Nearly 200,000 people have been evacuated and more than 1 million others warned to be ready to leave quickly as Chinese authorities prepare to drain a lake formed by a devastating earthquake.
The lake, called Tangjiashan, formed above Beichuan town in the Mianyang region of Sichuan Province when a hillside plunged into a river valley during the May 12 quake.

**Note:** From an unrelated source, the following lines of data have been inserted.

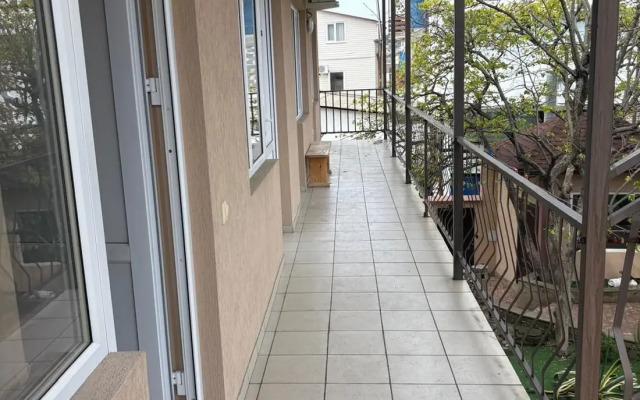 Dezhavyu Guest house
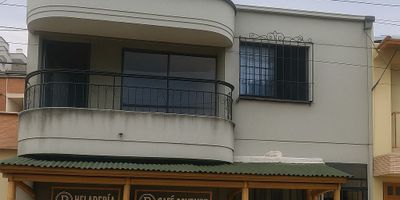 Se vende hermosa casa – ideal para vivienda o negocio

Primer piso:

Garaje amplio

4 habitaciones

Cocina con cuarto y baño auxiliar

3 baños

Sala comedor

Patio

Segundo piso

Sala comedor

Cocina con cuarto y baño auxiliar

3 habitaciones

2 baños

Patio y balcón

La propiedad cuenta con excelente ubicación, amplios espacios y muy buena iluminación natural.
Perfecta para vivienda familiar o negocio comercial.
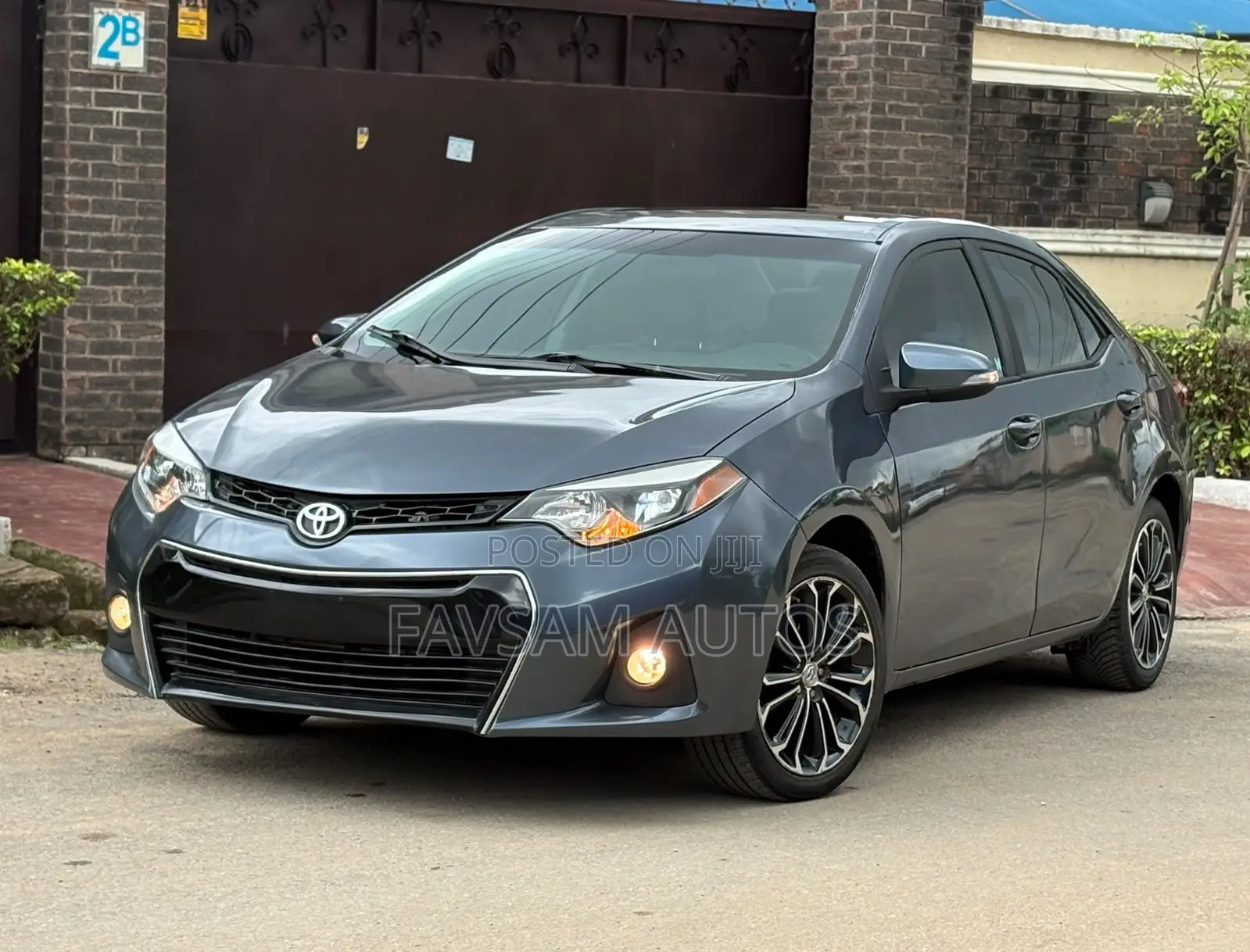 Toyota Corolla 2014 Green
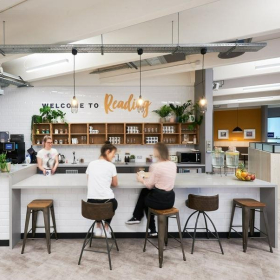 33 King's Road. Click for details.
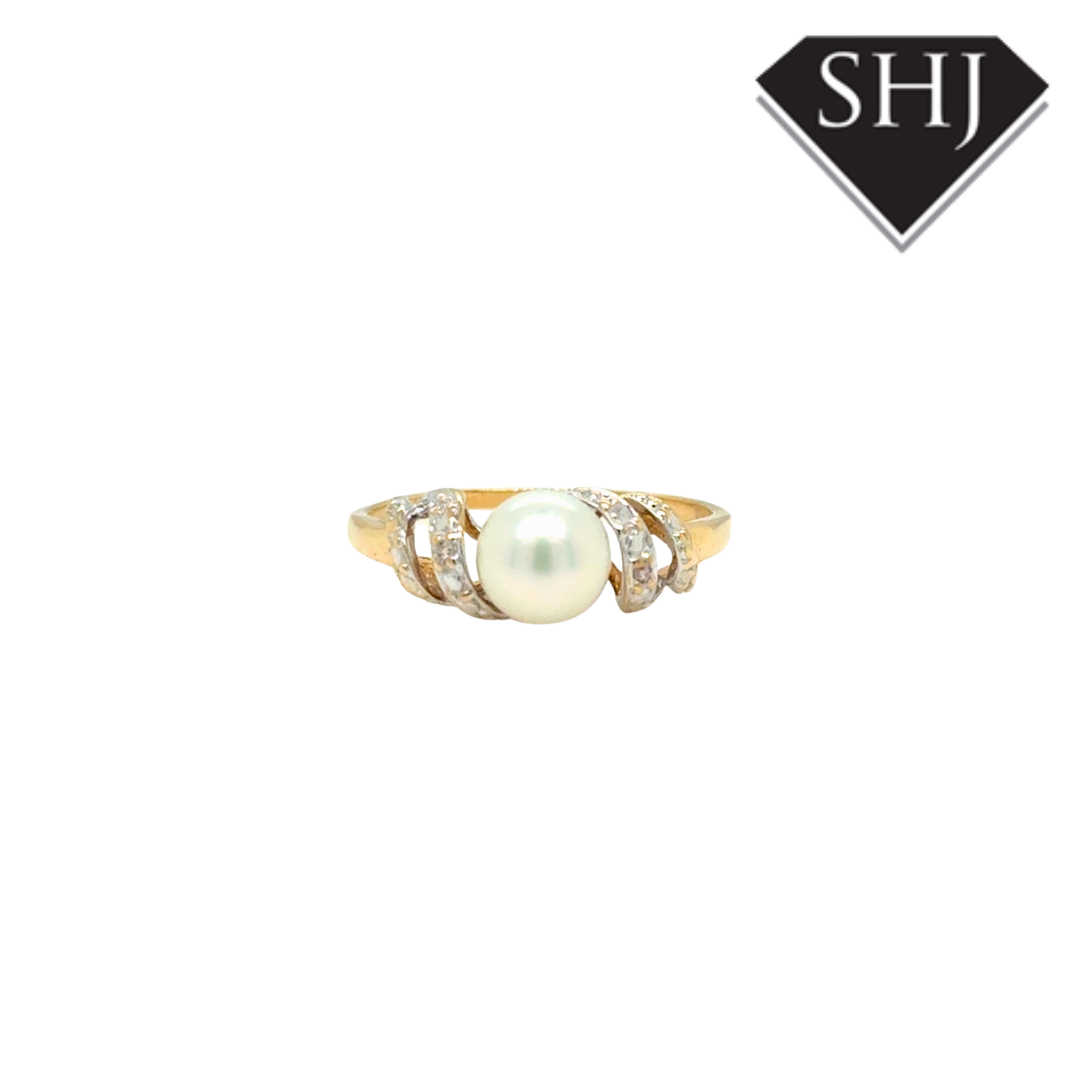 9ct Yellow Gold Diamond & Pearl Ring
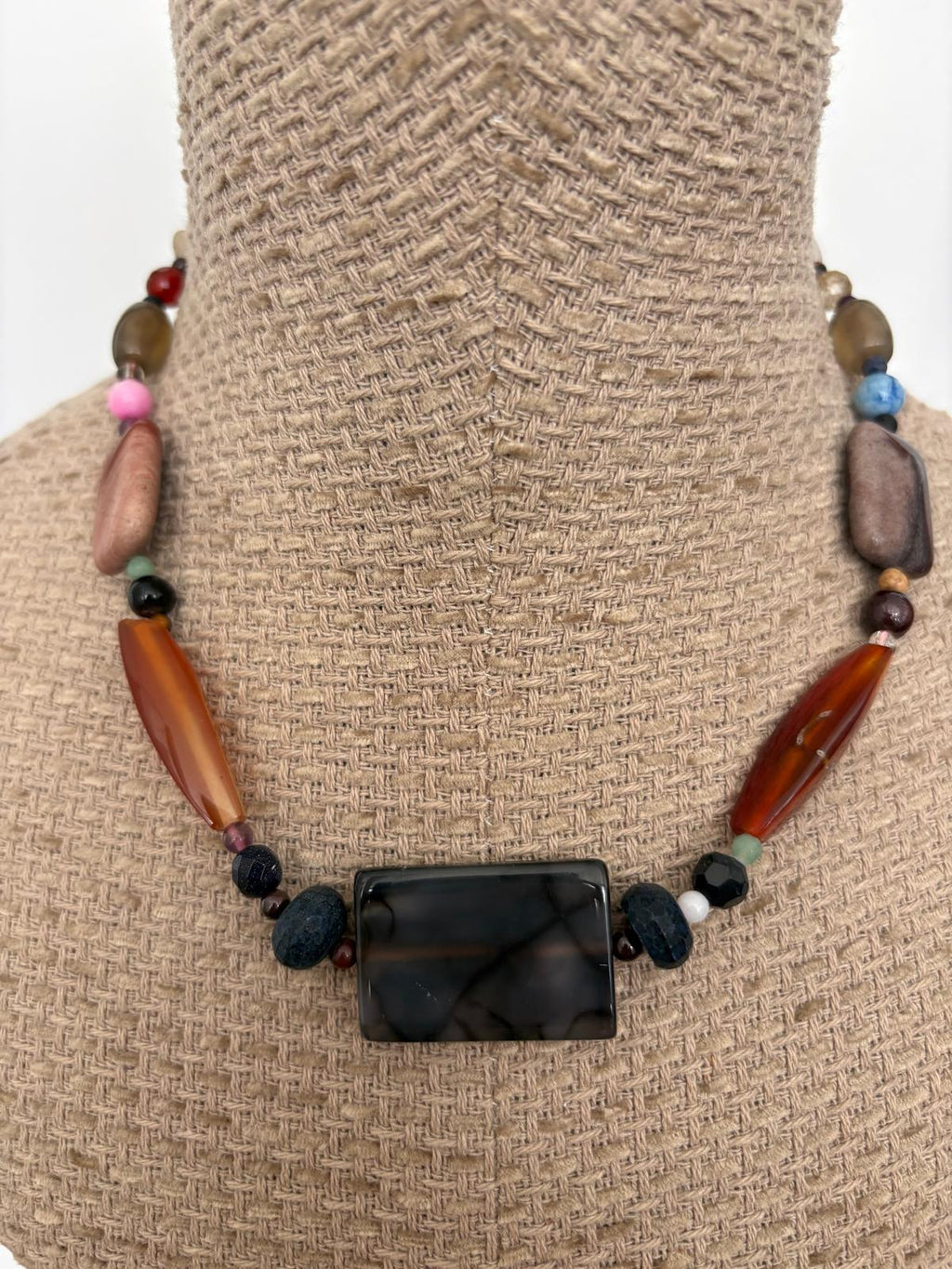 COLLAR PLANO MARRON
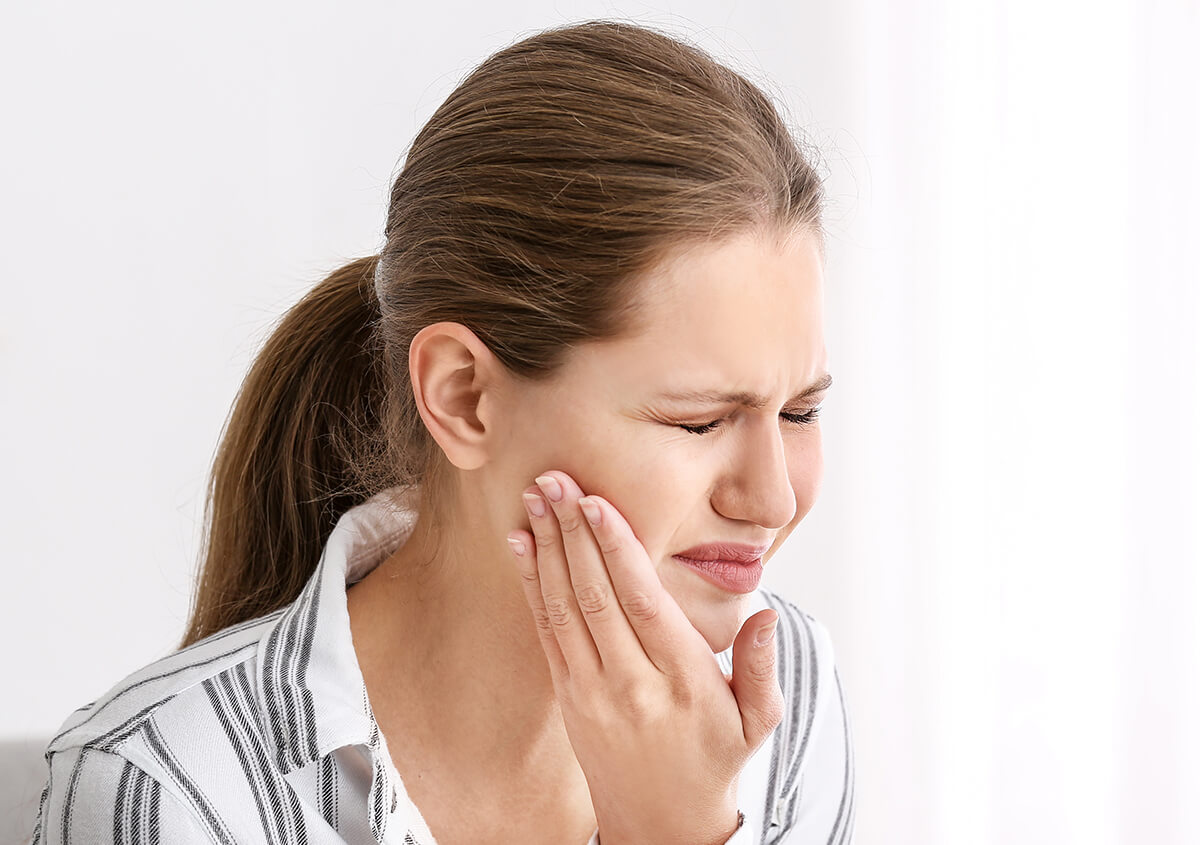 Severe Tooth Pain? Same-Day Emergency Treatment Can Save Your Tooth!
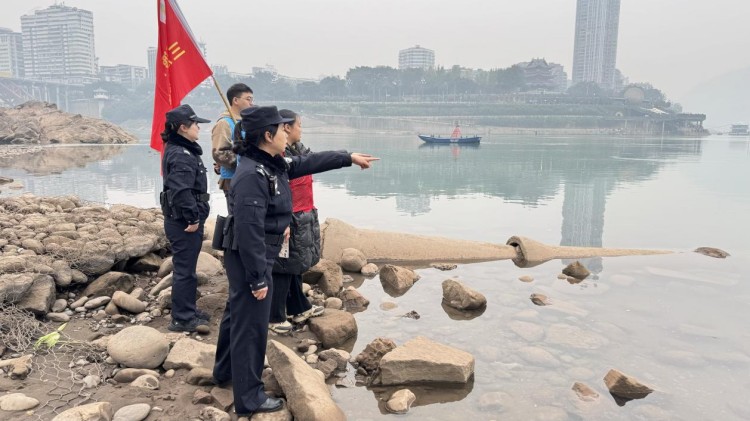 三江志愿管护队对排水口进行巡查。叙州区融媒体中心供图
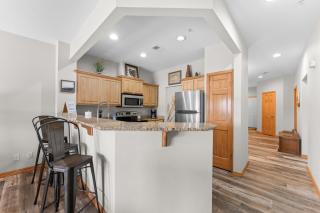 Skippin Stones condo - Branson - 6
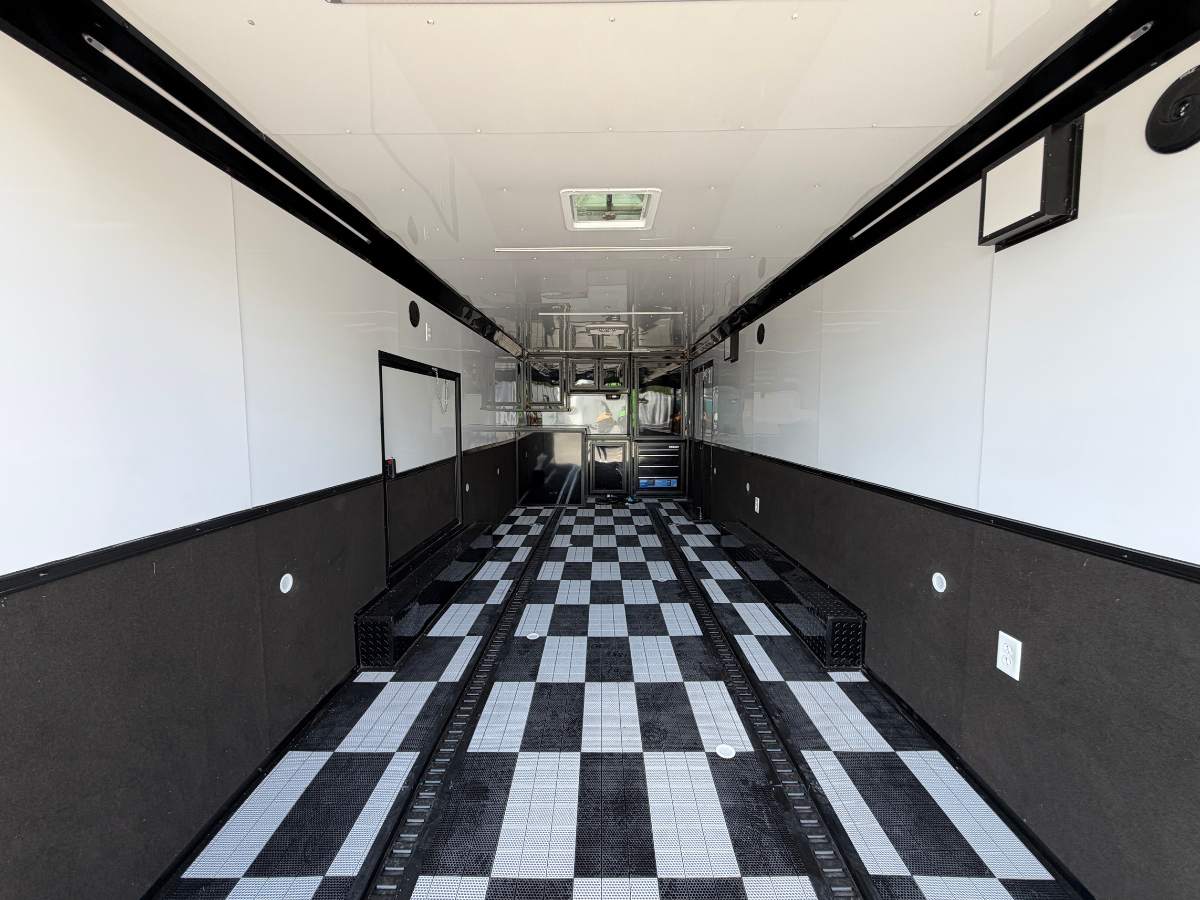 8.5 X 24 TA3 RACE CAR TRAILER - FREEDOM CARGO - Image 21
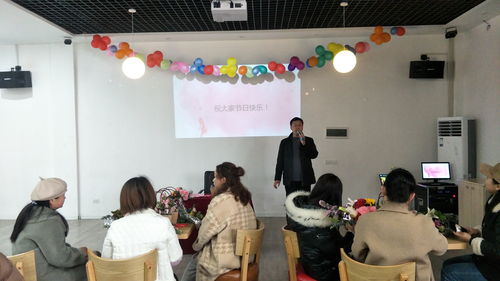 汉阴县平梁镇中心小学举办“三八”节教职工艺术插花活动，探讨与营利性民办艺术培训的差异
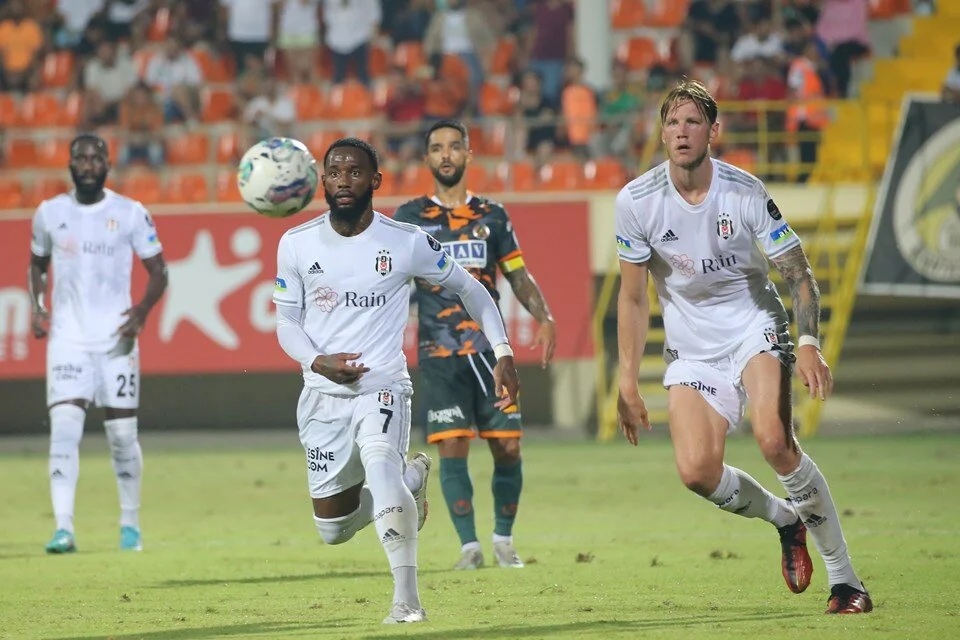 Alanyaspor - Beşiktaş CANLI MAÇ İZLE Taraftarium, Selçuksports, Justin TV, Taraftarium24, beIN Sports 3 şifresiz canlı kanaldan izle 12 Mayıs 2024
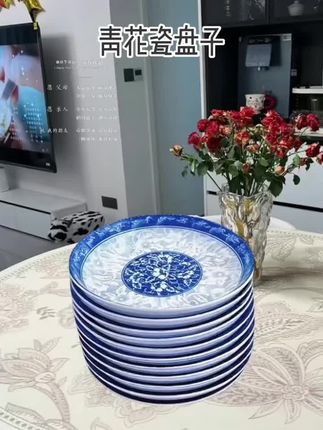挖到宝!6.25英寸青花盘,美到舍不得用 谁懂啊!新入的这个青花瓷盘直接把餐桌氛围感拉满✨ 恰到好处的6.25英寸,装早餐、盛点心都超合适。釉色像雨过天青,青花图案是细腻的缠枝莲,笔触灵动得像在瓷上跳舞。 高温釉下彩很安心,微波炉、洗碗机都能进。摆拍时当背景板,食物瞬间高级感up!日常用也不娇气,越看越有韵味。 中式美学真的yyds,每次用它吃饭都觉得幸福感爆棚~喜欢国风的姐妹闭眼冲!#好物推荐🔥 #强烈推荐 #好物分享 #居家好物 #居家好物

Xinhua news agency said work on a runoff channel from Tangjiashan had been completed. It quoted Yue Xi, deputy chief of the water and electricity section of the People’s Armed Police, as saying the channel “is expected to discharge flood water” between today and Tuesday.
PHOTO: EPA
The confirmed death toll from China’s worst quake in three decades was raised yesterday to 68,977, an increase of about 120 people from a day earlier. Another 17,974 people were still missing, the State Council said. The daily increase was the smallest since the government started announcing death tolls shortly after the quake hit.
Xinhua said “a total of 197,477 people were evacuated to safe ground as of 8am Saturday.” It did not say how the number was determined. Some of the people may have been in the path of the planned runoff.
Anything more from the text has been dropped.